My story has always been about the about the Moors and Romans. My story has always been about Charlton Heston and Kirk Douglas fighting the just fight: They fought side by side (albeit) in different films:
My hurried education:
Sophia Loren and Jean Simmons were my muses before I was old enough to know…
Cultural wars were beginning to say hello.
I look back in time and douse the years in calendars from yesterday and tomorrow.
What’s the difference where and how are minds amass time:
I had, one day completed the dystopian novel; A Canticle for Leibowitz when I realized I needed a hero to place the reset button in my mind: I needed to take the deep breath and cheer for heroic deeds. I am pretty certain I wouldn’t be making images of any kind if it wasn’t for El CID and Spartacus.
As you can see my childhood’s visual playgrounds to my professional endeavors was not too big of a leap: My life has been an attempt to make a cinematic narrative with each frame my camera sees: Not necessarily to tell an heroic story, but to certainly make photographs with every efforts I have in my body: My camera’s aperture opens, my mind makes a movie.
Everyday I find myself landing at my own caravan serai: It is a place in mind in spirit where I play in my mind the past and future passions for architecture. Somewhere in the distance I can hear the straight-jackets.

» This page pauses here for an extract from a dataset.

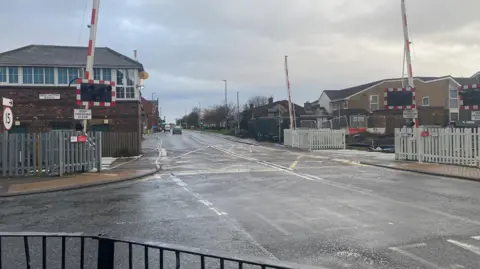 A level crossing at Bedlington with both the barriers raised. To one side construction work can be seen.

The calamity and dystopia A Canticle for Liebowitz played in my mind has somewhat vanished: Obviously youthful memories don’t die.The calamity of a dystopian world needed to be shaken from this youthful memory banks: I am well aware that the romance of epic battles and storied adventures influenced me to the hilt: But just maybe so did the cracker science fiction I saw in The Blob.
My memories don’t always correspond to the way I dream: But I find just satisfaction in the greater tales: What is the point in telling stories about architecture without mingling fantasies. The fantasies are much more present in my reality. I am not certain when the written word tickled my brain a bit: Facts and fictions have danced numerous tangos throughout my mind: Language and my visual appetite have become grand companions while adrift: Adrift hunting for the camera capture.
When I am with my camera, I am alone. When you are alone in the world, it is not what you know, it is about what you don’t know about the world. This is when you lean forward, lean as close as you can: To what may be the truth in photography: Not in what I may see but what I know I feel.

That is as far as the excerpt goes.